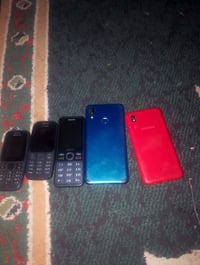 نوكيا وسامسونج • شغالات • تحتاج شاشة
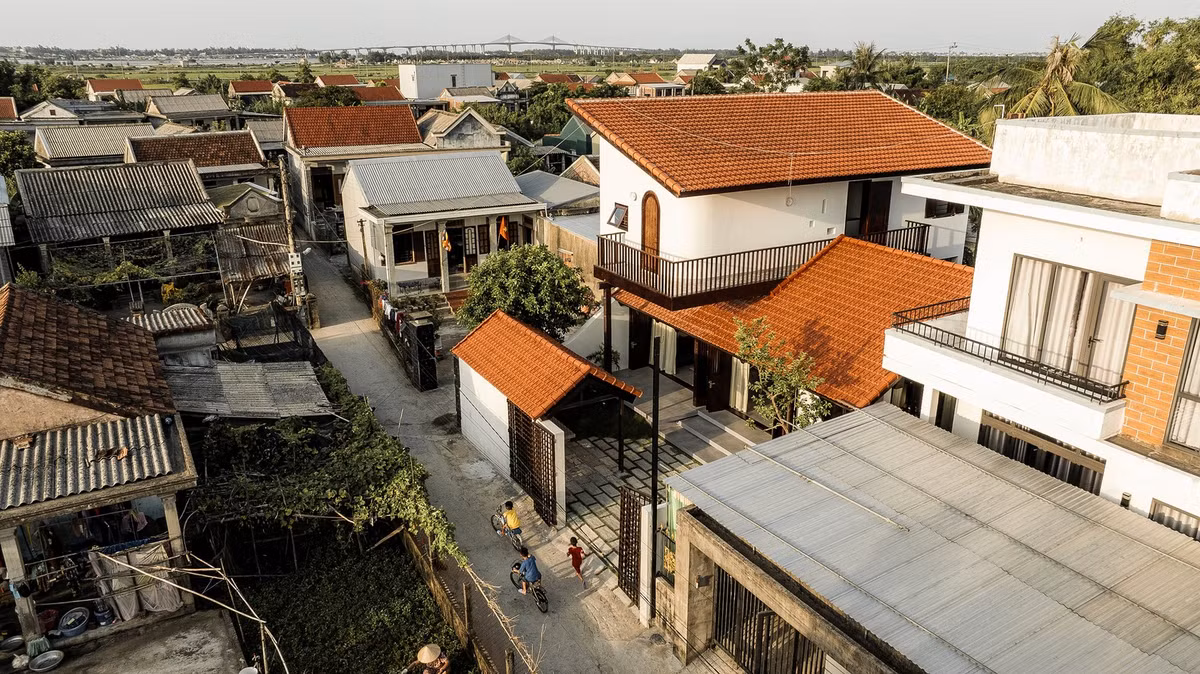 Từ những thách thức này, kiến trúc sư tìm kiếm một thiết kế giữ được tinh thần của ngôi nhà ba gian, hai chái đồng thời điều chỉnh cho phù hợp với nhu cầu hiện tại: đơn giản, tiết kiệm chi phí và có thể mở rộng cho nhà ở nông thôn trên khắp Việt Nam. Ảnh: Nguyen Dang Hieu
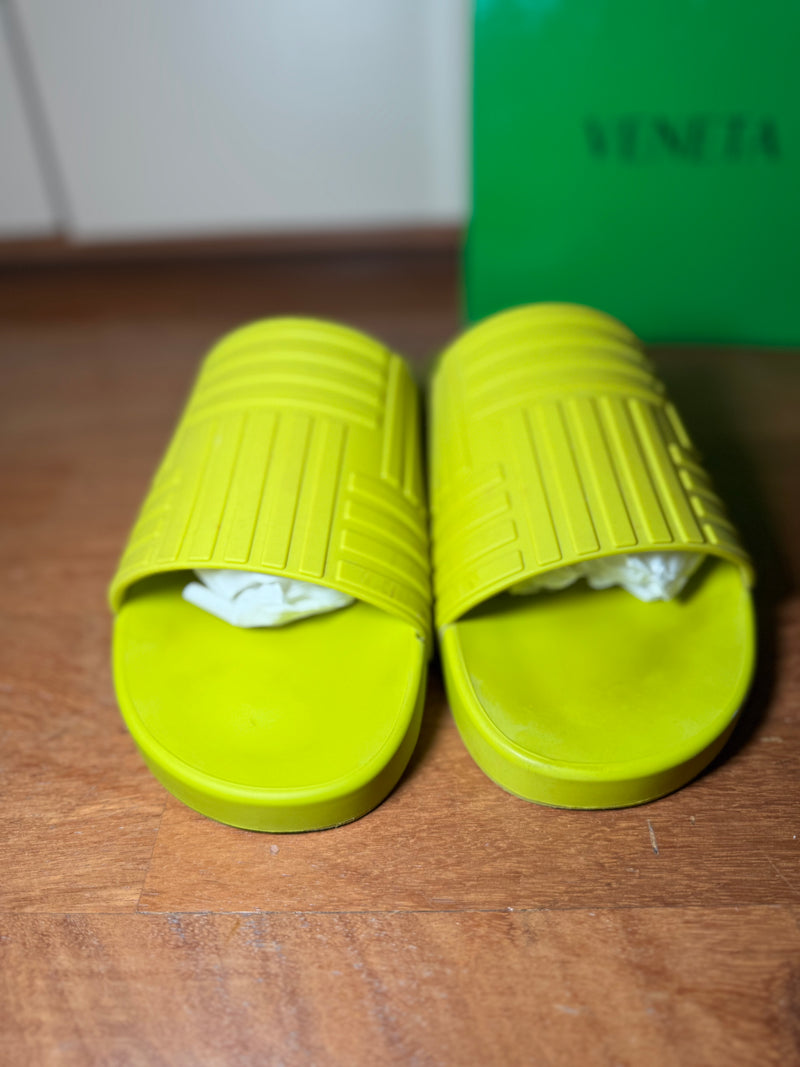 Slides Bottega Veneta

....

__Work to be completed__
Before you return the listing exactly, strip out its pictures.

__Response below__
 نوكيا وسامسونج • شغالات • تحتاج شاشة
 Từ những thách thức này, kiến trúc sư tìm kiếm một thiết kế giữ được tinh thần của ngôi nhà ba gian, hai chái đồng thời điều chỉnh cho phù hợp với nhu cầu hiện tại: đơn giản, tiết kiệm chi phí và có thể mở rộng cho nhà ở nông thôn trên khắp Việt Nam. Ảnh: Nguyen Dang Hieu
 Slides Bottega Veneta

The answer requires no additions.